#### BRIEF:
Give back every record exactly, images excluded.

——

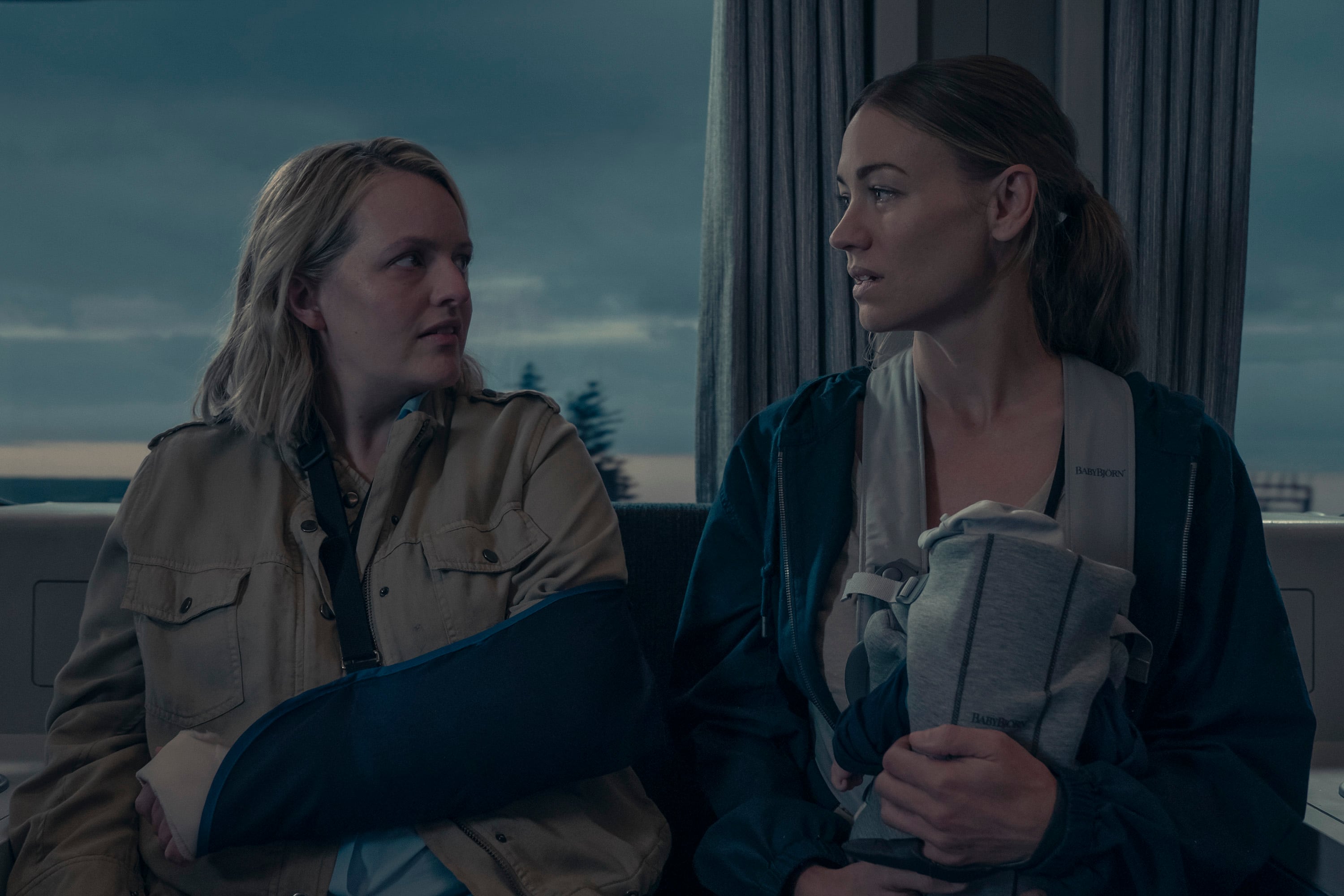 Elisabeth Moss e Yvonne Strahovski, en la sexta temporada de 'El cuento de la criada'.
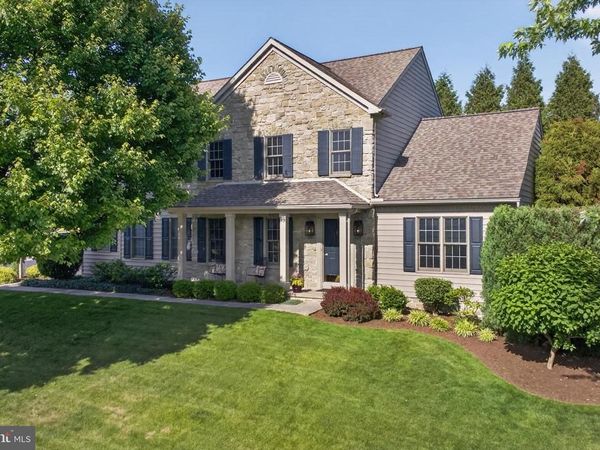 1832 FRITZ LANE, LANCASTER, PA 17602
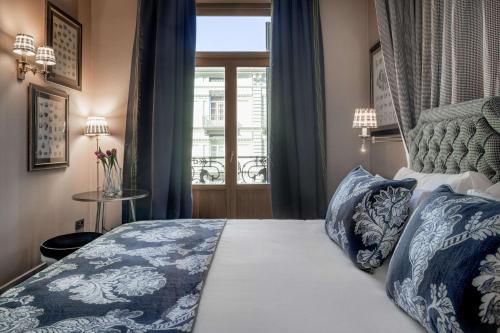 Ciutat Vella Hotel | Elegant NH Collection Colón Valencia: Rated 8.7/10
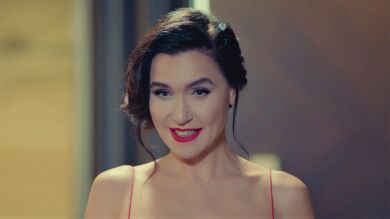 Ender sabotea la cena de Yildiz y Halit: “¡Qué bien queda mi anillo en tu dedo!”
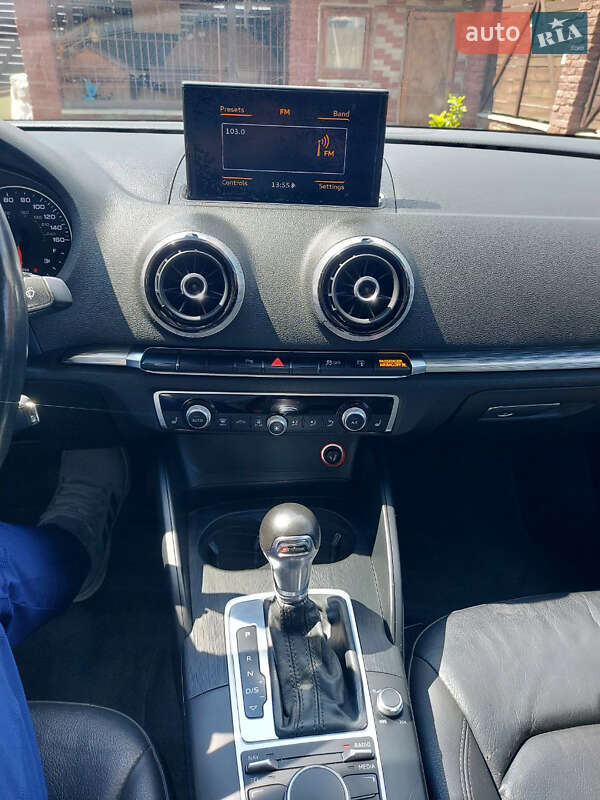 Седан Audi A3 2015 в Рівному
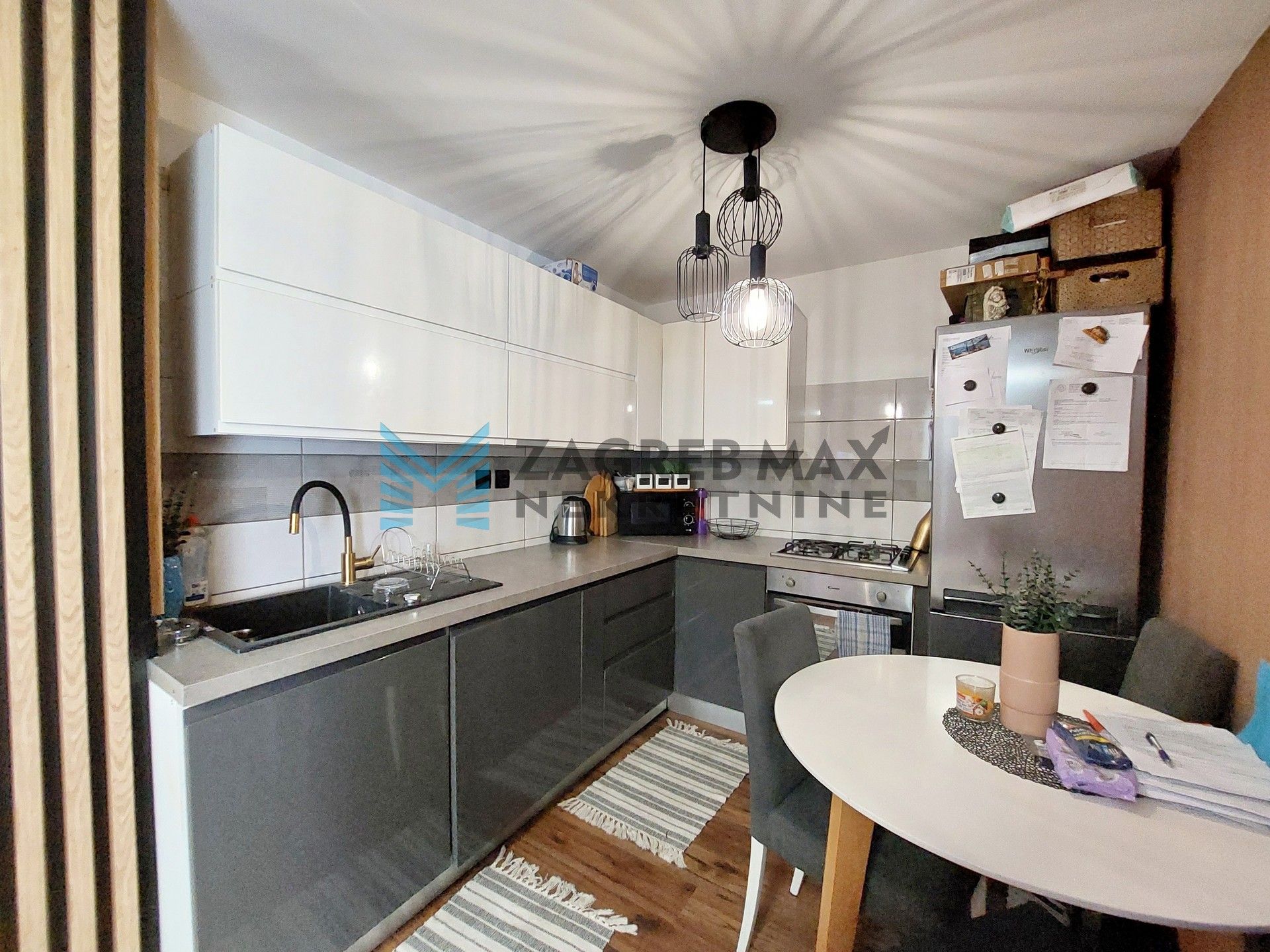 Zagreb - TREŠNJEVKA - Hreljinska - 2-sobni, uređen, održavan, dvorište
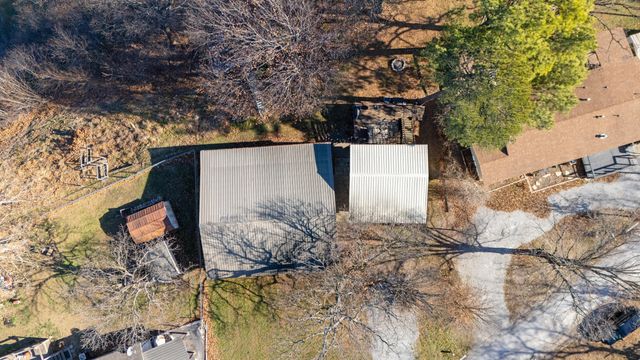24721 S 613 Road, Grove, OK 74344
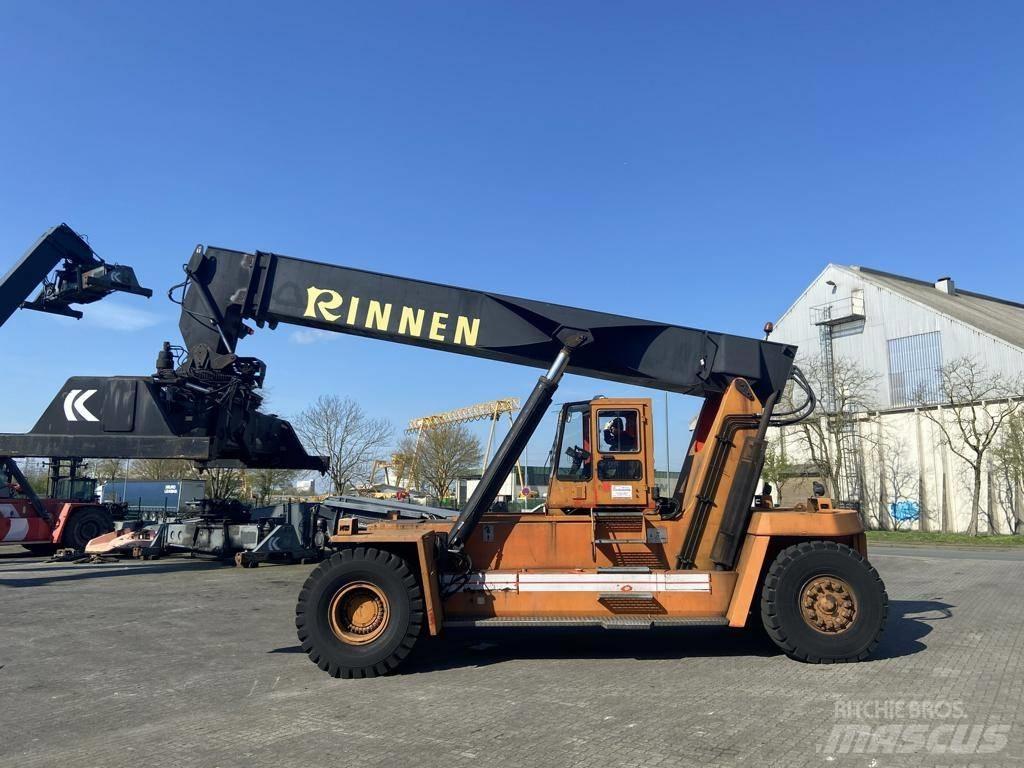 Kalmar DC4160RS4 前伸型堆積機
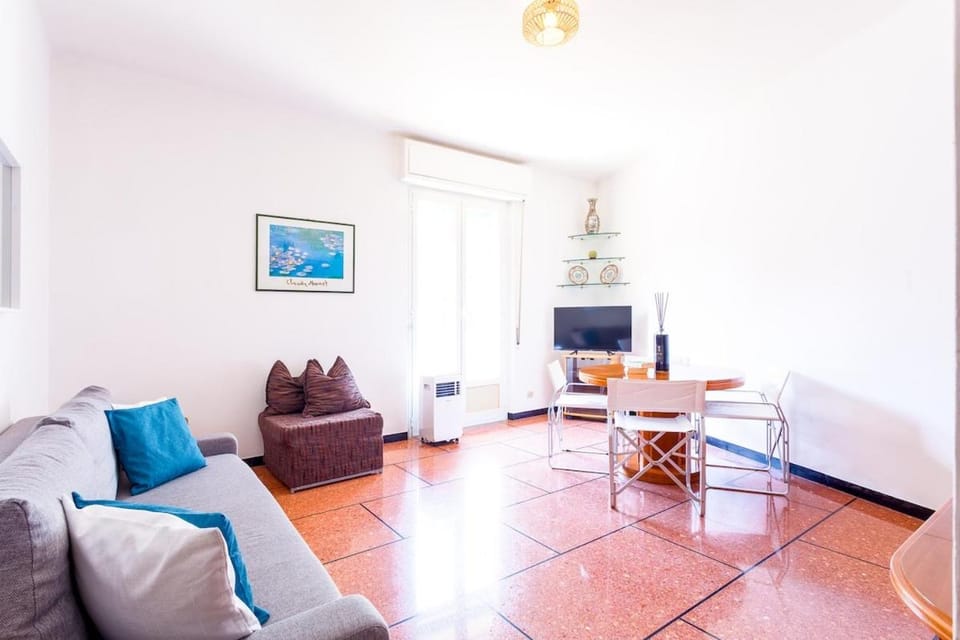 Santa Margherita Center - Steps from the Sea - AC Apartment in Santa Margherita Ligure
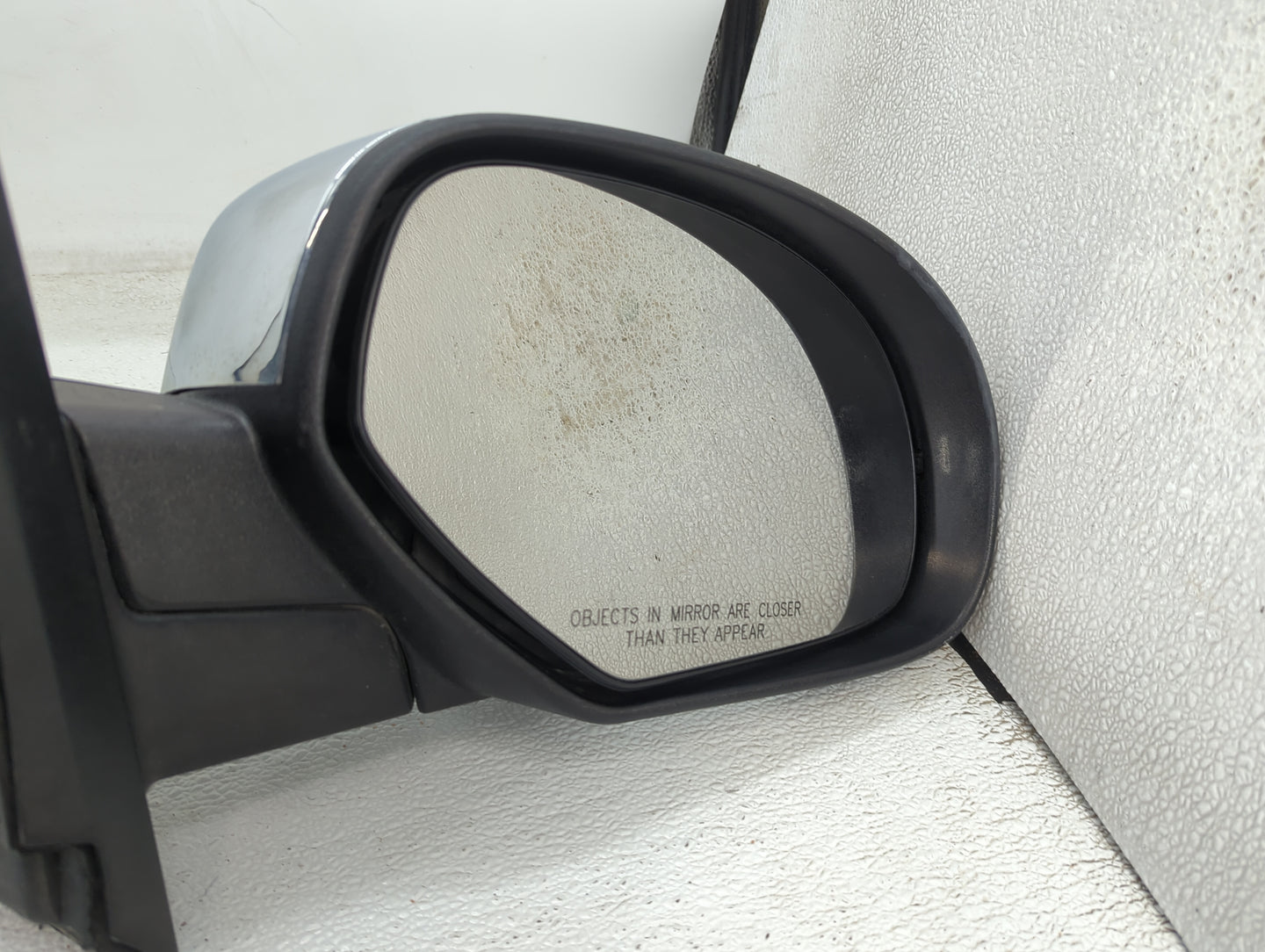 2009-2013 Chevrolet Silverado 1500 Passenger Side View Mirror - Right Door Mirror OEM Used - Oemusedautoparts1.com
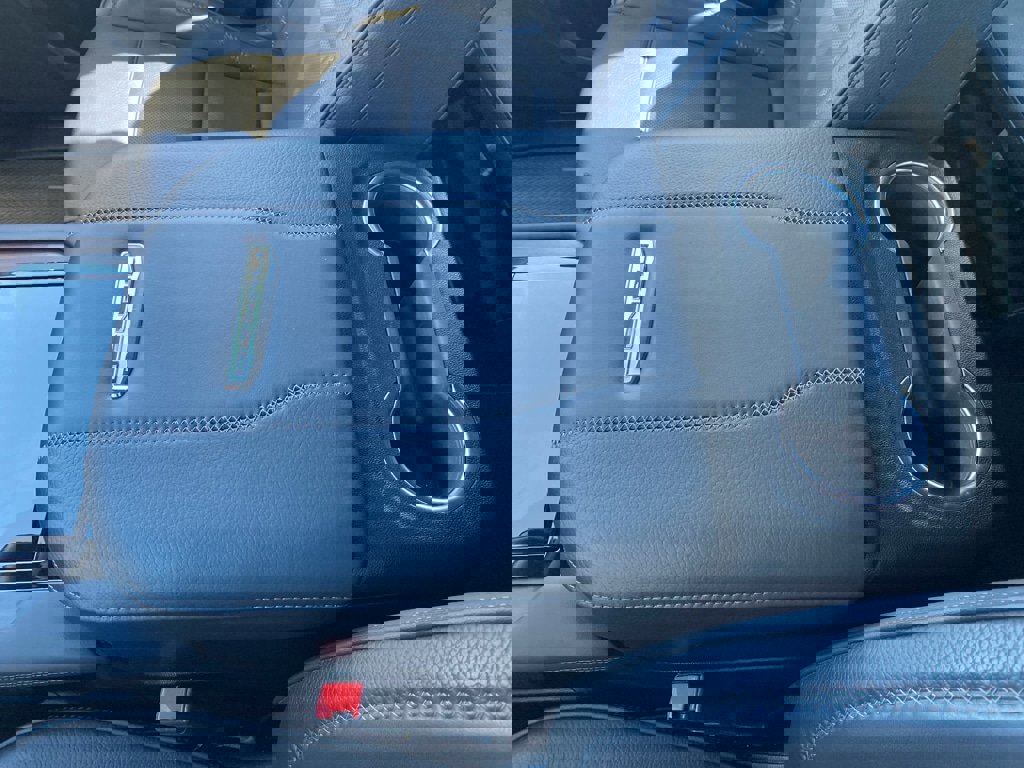 Used 2025 GMC Yukon XL Denali image 34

——

#### EXERCISE SOLUTION:
 Elisabeth Moss e Yvonne Strahovski, en la sexta temporada de 'El cuento de la criada'.
 1832 FRITZ LANE, LANCASTER, PA 17602
 Ciutat Vella Hotel | Elegant NH Collection Colón Valencia: Rated 8.7/10
 Ender sabotea la cena de Yildiz y Halit: “¡Qué bien queda mi anillo en tu dedo!”
 Седан Audi A3 2015 в Рівному
 Zagreb - TREŠNJEVKA - Hreljinska - 2-sobni, uređen, održavan, dvorište
24721 S 613 Road, Grove, OK 74344
 Kalmar DC4160RS4 前伸型堆積機
 Santa Margherita Center - Steps from the Sea - AC Apartment in Santa Margherita Ligure
 2009-2013 Chevrolet Silverado 1500 Passenger Side View Mirror - Right Door Mirror OEM Used - Oemusedautoparts1.com
 Used 2025 GMC Yukon XL Denali image 34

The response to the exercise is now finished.